==== Supplied data

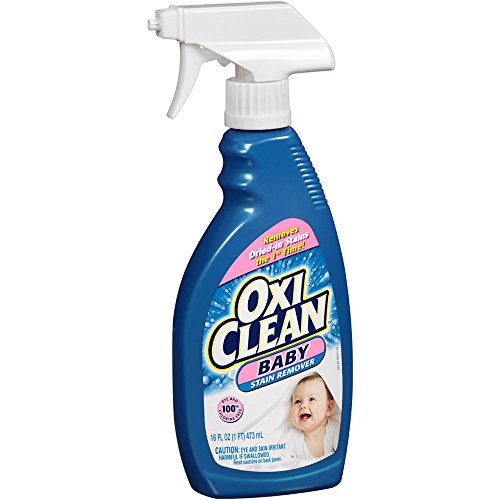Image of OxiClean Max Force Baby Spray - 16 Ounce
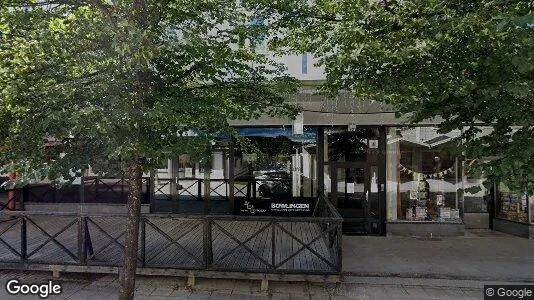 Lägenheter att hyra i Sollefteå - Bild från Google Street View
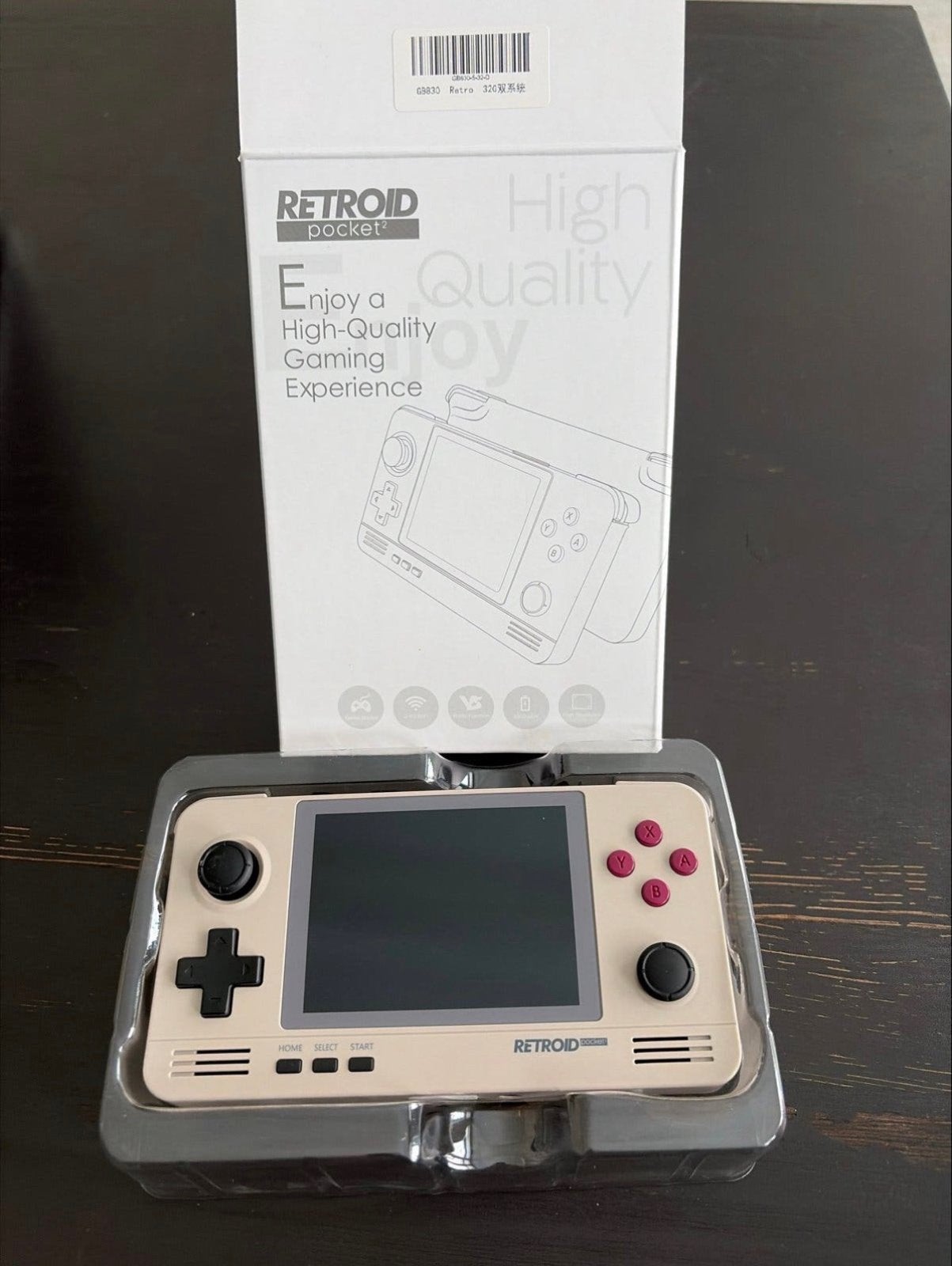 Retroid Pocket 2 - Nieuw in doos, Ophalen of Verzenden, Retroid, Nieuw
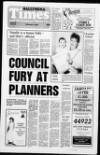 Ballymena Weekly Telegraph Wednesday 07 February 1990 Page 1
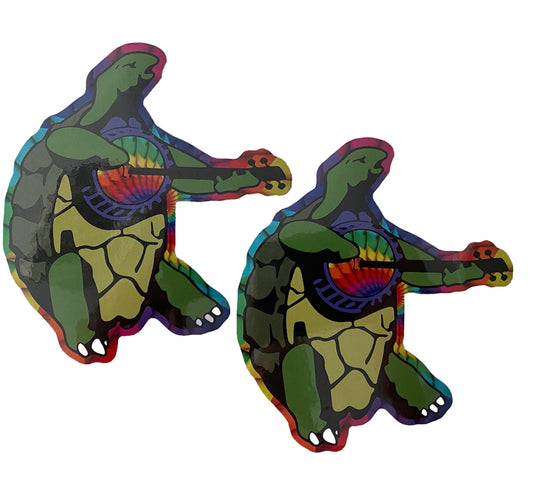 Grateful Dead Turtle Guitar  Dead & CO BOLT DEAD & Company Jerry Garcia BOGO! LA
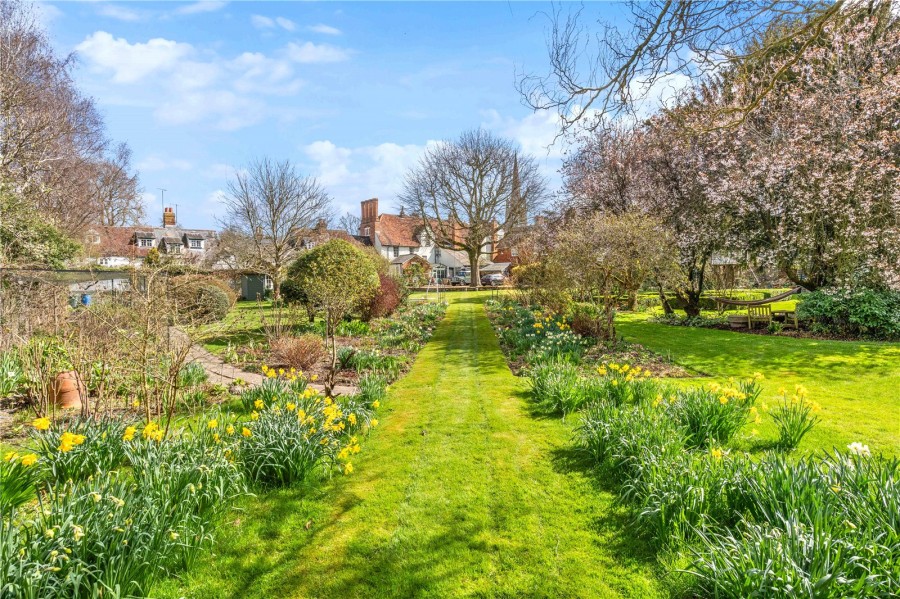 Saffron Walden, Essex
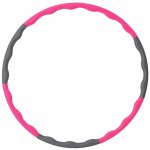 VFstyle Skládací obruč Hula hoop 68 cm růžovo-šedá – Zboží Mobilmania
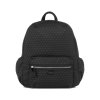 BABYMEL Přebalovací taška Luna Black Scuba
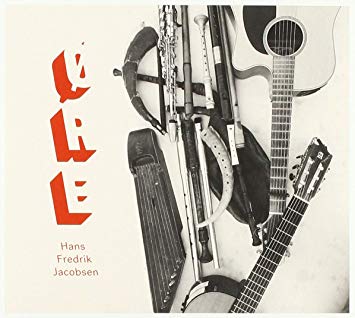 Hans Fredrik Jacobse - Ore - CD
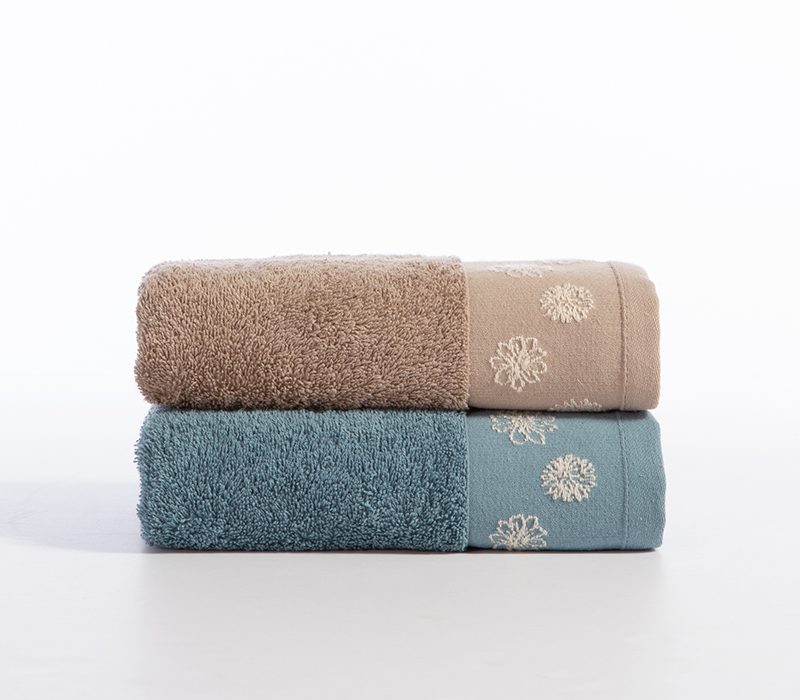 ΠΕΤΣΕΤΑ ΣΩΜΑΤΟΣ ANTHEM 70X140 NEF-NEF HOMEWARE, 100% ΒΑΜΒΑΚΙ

========
==== Supplied data

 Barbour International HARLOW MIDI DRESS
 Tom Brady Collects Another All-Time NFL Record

========

**Task instructions:**
Return exactly the lines of the material above, starting at the line containing "VFstyle Skládací obruč" and finishing at the line containing "ΠΕΤΣΕΤΑ ΣΩΜΑΤΟΣ ANTHEM", without any pictures.

**Response area:**
 VFstyle Skládací obruč Hula hoop 68 cm růžovo-šedá – Zboží Mobilmania
 BABYMEL Přebalovací taška Luna Black Scuba
 Hans Fredrik Jacobse - Ore - CD
 ΠΕΤΣΕΤΑ ΣΩΜΑΤΟΣ ANTHEM 70X140 NEF-NEF HOMEWARE, 100% ΒΑΜΒΑΚΙ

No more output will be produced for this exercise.